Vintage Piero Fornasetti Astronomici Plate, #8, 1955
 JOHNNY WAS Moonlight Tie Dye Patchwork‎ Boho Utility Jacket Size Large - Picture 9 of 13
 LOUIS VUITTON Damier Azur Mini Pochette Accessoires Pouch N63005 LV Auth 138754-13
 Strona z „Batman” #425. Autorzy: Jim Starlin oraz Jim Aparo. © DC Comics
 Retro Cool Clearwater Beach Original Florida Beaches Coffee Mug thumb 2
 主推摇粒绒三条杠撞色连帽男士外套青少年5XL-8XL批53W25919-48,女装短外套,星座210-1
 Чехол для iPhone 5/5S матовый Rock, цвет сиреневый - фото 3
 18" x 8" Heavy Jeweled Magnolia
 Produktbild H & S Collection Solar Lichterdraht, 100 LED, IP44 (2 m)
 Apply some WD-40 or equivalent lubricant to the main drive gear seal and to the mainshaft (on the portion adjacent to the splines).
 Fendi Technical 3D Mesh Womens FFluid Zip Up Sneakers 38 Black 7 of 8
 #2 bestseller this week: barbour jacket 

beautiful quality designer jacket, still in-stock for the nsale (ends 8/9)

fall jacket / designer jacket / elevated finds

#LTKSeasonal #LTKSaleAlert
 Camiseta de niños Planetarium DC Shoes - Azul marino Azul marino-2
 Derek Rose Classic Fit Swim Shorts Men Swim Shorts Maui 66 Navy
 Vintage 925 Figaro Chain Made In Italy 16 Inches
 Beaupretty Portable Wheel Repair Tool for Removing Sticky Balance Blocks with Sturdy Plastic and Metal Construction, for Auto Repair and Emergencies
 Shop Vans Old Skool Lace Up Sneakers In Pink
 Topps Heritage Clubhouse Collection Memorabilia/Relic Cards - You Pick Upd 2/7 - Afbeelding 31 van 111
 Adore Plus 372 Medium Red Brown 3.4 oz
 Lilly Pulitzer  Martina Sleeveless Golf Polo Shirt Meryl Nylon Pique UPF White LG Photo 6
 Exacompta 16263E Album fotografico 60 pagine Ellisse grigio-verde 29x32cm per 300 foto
· · · ·
Output the line containing "Topps Heritage Clubhouse" and each line after it through the close of the entries, unchanged and with no other lines.

 Topps Heritage Clubhouse Collection Memorabilia/Relic Cards - You Pick Upd 2/7 - Afbeelding 31 van 111
 Adore Plus 372 Medium Red Brown 3.4 oz
 Lilly Pulitzer  Martina Sleeveless Golf Polo Shirt Meryl Nylon Pique UPF White LG Photo 6
 Exacompta 16263E Album fotografico 60 pagine Ellisse grigio-verde 29x32cm per 300 foto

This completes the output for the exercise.